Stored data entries
————
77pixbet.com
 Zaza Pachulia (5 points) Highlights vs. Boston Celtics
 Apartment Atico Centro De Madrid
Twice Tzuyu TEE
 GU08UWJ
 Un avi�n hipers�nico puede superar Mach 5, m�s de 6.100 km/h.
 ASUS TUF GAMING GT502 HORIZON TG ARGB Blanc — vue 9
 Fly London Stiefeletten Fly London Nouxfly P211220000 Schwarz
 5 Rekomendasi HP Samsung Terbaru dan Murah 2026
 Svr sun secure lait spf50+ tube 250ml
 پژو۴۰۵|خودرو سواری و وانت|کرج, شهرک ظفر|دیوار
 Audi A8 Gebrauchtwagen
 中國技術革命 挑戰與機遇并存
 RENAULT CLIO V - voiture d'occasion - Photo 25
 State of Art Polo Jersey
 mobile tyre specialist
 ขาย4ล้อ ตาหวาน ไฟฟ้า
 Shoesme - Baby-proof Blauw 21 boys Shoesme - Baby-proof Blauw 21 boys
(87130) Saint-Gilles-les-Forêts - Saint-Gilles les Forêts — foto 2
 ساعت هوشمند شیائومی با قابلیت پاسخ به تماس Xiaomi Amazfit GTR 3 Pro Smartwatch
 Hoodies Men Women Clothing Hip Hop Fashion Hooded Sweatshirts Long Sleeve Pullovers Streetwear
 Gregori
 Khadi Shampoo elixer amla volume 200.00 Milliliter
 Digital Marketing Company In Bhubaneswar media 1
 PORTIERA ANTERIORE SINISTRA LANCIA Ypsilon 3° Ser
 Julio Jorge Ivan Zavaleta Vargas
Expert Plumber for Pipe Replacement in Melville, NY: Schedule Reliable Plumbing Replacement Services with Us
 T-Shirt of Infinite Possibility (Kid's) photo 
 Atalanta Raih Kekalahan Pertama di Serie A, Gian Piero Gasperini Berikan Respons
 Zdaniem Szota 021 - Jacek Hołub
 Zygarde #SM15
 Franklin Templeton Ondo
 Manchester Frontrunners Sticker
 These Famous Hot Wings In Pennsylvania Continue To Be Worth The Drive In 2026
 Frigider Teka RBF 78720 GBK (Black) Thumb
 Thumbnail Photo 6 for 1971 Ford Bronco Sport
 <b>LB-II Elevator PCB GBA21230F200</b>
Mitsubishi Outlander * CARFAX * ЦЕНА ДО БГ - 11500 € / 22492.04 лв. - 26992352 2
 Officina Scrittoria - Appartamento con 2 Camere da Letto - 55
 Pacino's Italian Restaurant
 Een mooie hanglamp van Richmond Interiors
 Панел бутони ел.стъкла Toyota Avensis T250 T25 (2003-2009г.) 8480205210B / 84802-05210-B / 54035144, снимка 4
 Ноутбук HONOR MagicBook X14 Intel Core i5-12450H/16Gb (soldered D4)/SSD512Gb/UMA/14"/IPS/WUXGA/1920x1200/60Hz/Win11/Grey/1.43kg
————
▶ _INSTRUCTIONS FOR THE TASK_: Set down, from the entries above, exactly the lines from the one with "State of Art Polo Jersey" up to and including the one with "Khadi Shampoo elixer", and no other lines.

▶ _FINISHED TASK_:
 State of Art Polo Jersey
 mobile tyre specialist
 ขาย4ล้อ ตาหวาน ไฟฟ้า
 Shoesme - Baby-proof Blauw 21 boys Shoesme - Baby-proof Blauw 21 boys
(87130) Saint-Gilles-les-Forêts - Saint-Gilles les Forêts — foto 2
 ساعت هوشمند شیائومی با قابلیت پاسخ به تماس Xiaomi Amazfit GTR 3 Pro Smartwatch
 Hoodies Men Women Clothing Hip Hop Fashion Hooded Sweatshirts Long Sleeve Pullovers Streetwear
 Gregori
 Khadi Shampoo elixer amla volume 200.00 Milliliter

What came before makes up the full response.